Tag - resilience

Rob Hopkins, founder of the Transition movement

Rob Hopkins tells us the story of how the Transition movement started and how he uses stories and innovations to paint possibilities and reposition the way we see ourselves in relation to nature and the future.

Rob has created the world-wide network of positive engagement he imagined to himself a more than a decade ago. People rebuilding local agriculture and food production, localizing energy production, rethinking healthcare, buildings, waste management and more.

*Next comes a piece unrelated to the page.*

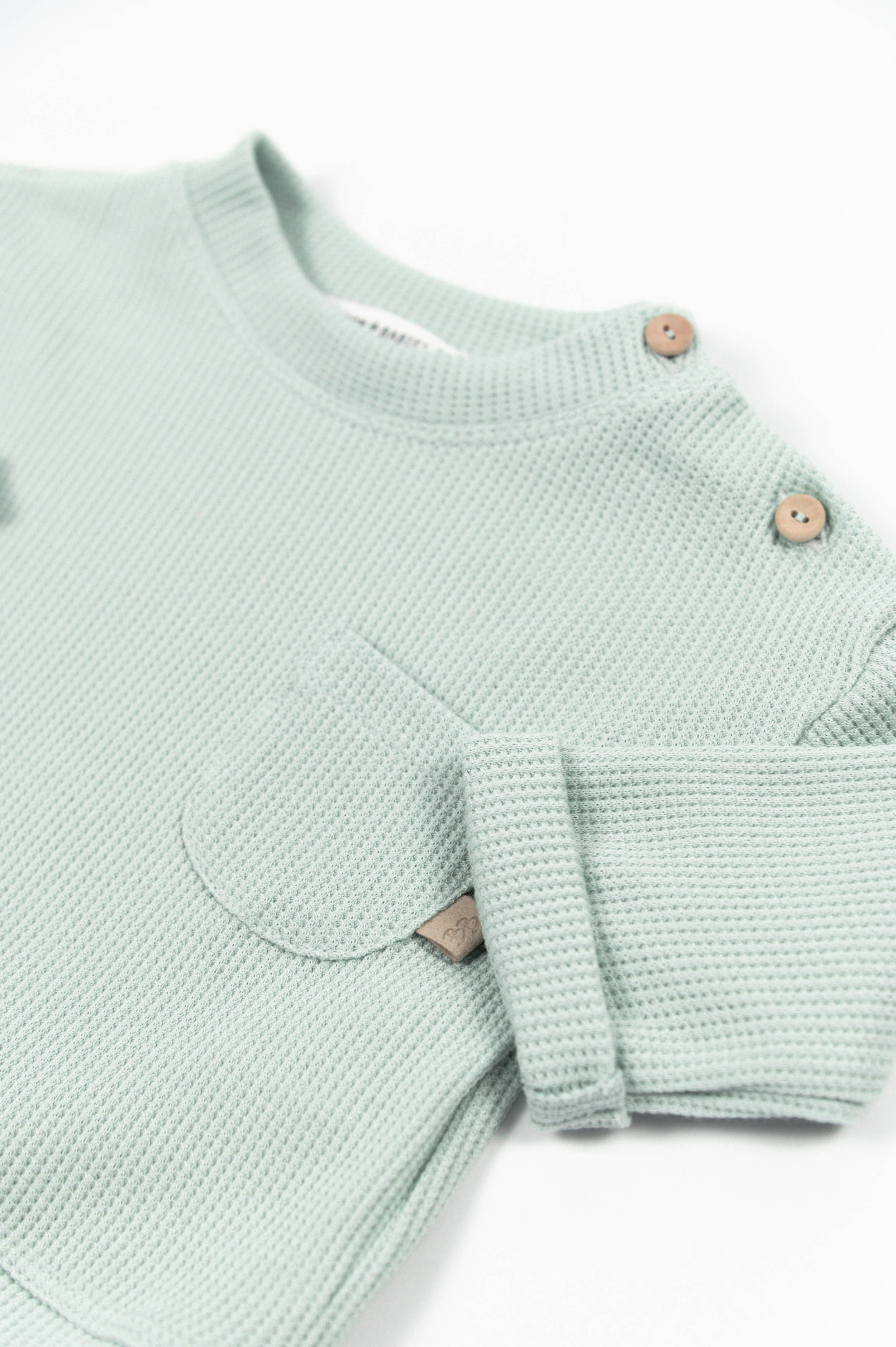 bamboom-maglia-bimbo-ocean-blu-200-maglia-waffle image 3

Rob visited Sweden in October 2017. He was the keynote speaker at the annual meeting of the Swedish Transition Network, Omställningsnätverket, that took place in the town Växjö. After that he visited municipalities, universities, local entrepreneurs and transition initiatives in southern Sweden.

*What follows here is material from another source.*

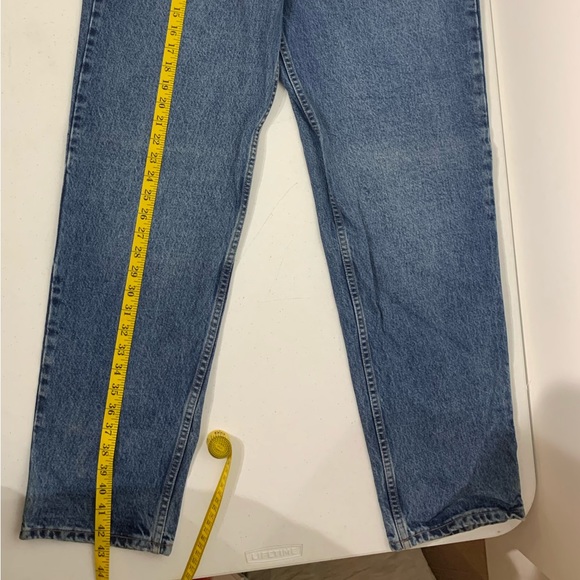 Ikeda Jeans Straight Classic Wash Denim 33w Vintage - Picture 10 of 10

Rob is very inspiring. He knows about the problems we faces, but even so he manages to feed people with hope through his thinking and storytelling. He challenge the world to bring innovation, to imagine a thriving future and to try out things you didn’t think was possible.

Rob uses the water flowing through a forest as a metaphor for local economy. From a presentation in Örebro, Sweden.

He does it by telling stories about what other people have achieved, and by using vivid metaphors. He compares money and economy with rain in a forest. And imagines the Queen throwing bricks through his window because she might get pissed when Rob introduced a local currency.

Kevin Anderson once said: ”The largest obstacle is the human lack of imagination of what a better world would look like”.
In Robs words that is: ”What if?, Let’s try!”

Punk had a big influence on Rob. The spirit of punk, if you don’t like the music on the radio, make your own. If you know 3 chords, form a band.

And in his 20’s he got a book about permaculture, and that’s where he started to question the way we use energy and grow food. And eventually out of that grew the Transition movement.

This interview with Rob was recorded in Uppsala, October 10, 2017.

/Martin Hedberg

Will Steffen. Anthropocene, Great acceleration and Feedbacks

This weeks episode is an interview with Will Steffen. He an Australian Earth system scientist and he knows a lot about things like the biosphere, glacial cycles, ocean acidification, fossil industry, geo-engineering, complex system, feedbacks, resilience and tipping points.

One of the stories Steffen will share with you is the situation when Nobel prize winner Paul Crutzen invented the name and concept of The Anthropocene. Will was one of the scientists in the room as it happened in at a workshop in Mexico 2000.

He will also describe the The Great Acceleration, another concept that was born with Will and his colleagues at IGBP.

He shares his top three high-level tasks that we need to manage a lot better than we’ve done so far, Radiative balance, Human Equity and our connection to the Biosphere.

We also talk about metaphors, energy, tipping points in nature as well as in the social-political system and the post-truth era in society.

Conclusions… a lot. For instance tipping points. Both in nature, for exemplet with the Arctic ice melting and it’s albedo feedback… But also the tipping points in renewable energy. We are so locked in to the view that the price of oil sets the price of all energy, consumption, travel, inflation and people worrying about their energy bills etc. But what happens if/when it is cheaper to build solar farms and put up solar panels on your roof-top than to dig up fossil carbon and build big infrastructure like coal fired power plants? That is a shift, not only in how we produce electricity, but in the way the price is set and who is to get the money. It is a shift of power, in many different ways.

I also find the discussion about the feedbacks in system very interesting. You have feedbacks in all complex systems. They take different forms, for example the feedbacks from society to climate, the climate negotiations and the UNFCCC, trying to keep the climate system in a stable situation.

And the resilience of the fossil industry threatening the resilience of both climate and civilisation as we know it (and hence of course also the fossil industry itself).

I slso ask Will about his favourite metaphors, for example to describe complex systems, feedbacks etc.

Martin Hedberg

Risk and Resilience

Interesting video on risk and resilience. As the author says ”Moving from a system designed for robustness to one that supports resilience represents a significant strategic shift.” 

Dealing with black swans, moving from a Gaussian world to a Pareto world. Moving from probable events via possible to plausible events.